Task item: From the data below, copy out every line in which the word "Pink" occurs.

Task inputs:
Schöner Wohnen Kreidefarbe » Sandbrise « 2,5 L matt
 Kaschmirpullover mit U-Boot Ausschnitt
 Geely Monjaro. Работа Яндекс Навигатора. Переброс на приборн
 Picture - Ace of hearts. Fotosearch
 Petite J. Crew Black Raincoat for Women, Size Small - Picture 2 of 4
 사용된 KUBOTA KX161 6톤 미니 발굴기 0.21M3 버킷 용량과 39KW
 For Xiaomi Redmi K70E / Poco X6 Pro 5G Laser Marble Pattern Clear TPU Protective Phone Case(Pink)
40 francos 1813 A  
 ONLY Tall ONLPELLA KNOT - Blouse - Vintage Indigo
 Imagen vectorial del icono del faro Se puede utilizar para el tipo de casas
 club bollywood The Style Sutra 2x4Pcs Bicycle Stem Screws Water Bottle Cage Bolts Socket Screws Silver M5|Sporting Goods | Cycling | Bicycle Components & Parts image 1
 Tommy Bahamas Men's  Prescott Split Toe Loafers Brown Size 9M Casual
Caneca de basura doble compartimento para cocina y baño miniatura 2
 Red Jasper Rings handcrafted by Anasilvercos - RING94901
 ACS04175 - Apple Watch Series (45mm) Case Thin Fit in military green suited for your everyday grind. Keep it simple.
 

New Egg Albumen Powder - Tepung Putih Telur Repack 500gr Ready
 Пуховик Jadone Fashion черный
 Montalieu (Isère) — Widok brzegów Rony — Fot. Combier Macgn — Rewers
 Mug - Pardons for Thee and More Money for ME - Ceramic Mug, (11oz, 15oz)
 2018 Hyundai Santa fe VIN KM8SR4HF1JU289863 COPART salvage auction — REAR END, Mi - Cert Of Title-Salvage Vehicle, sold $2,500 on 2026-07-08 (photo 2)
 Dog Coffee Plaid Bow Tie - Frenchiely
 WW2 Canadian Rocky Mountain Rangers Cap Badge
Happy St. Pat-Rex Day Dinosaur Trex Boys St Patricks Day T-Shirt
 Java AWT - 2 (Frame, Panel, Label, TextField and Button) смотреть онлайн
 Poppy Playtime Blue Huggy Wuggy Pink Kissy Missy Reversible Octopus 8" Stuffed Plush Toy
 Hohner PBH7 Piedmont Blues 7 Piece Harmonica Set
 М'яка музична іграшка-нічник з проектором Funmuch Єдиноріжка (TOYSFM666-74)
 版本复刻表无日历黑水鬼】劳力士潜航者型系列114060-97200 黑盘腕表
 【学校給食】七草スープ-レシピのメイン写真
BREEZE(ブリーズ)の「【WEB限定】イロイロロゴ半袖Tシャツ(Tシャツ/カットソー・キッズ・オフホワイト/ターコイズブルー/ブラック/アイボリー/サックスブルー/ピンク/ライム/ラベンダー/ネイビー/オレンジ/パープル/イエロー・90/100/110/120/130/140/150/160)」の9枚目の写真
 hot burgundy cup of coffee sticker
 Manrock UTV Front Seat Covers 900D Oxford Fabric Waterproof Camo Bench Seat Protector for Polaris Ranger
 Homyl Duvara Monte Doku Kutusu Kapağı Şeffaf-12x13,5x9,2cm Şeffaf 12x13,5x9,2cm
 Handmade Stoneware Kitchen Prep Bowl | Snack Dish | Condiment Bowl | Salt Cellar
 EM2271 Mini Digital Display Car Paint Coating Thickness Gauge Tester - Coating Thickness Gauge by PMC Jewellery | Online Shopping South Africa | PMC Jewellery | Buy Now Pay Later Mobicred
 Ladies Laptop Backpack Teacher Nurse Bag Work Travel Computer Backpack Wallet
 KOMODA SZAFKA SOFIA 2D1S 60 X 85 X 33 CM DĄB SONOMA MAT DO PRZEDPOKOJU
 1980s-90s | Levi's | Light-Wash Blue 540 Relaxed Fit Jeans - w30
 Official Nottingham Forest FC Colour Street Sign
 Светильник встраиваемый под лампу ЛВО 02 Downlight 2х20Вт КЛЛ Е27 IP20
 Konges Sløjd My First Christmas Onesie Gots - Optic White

Exercise response:
 For Xiaomi Redmi K70E / Poco X6 Pro 5G Laser Marble Pattern Clear TPU Protective Phone Case(Pink)
 Poppy Playtime Blue Huggy Wuggy Pink Kissy Missy Reversible Octopus 8" Stuffed Plush Toy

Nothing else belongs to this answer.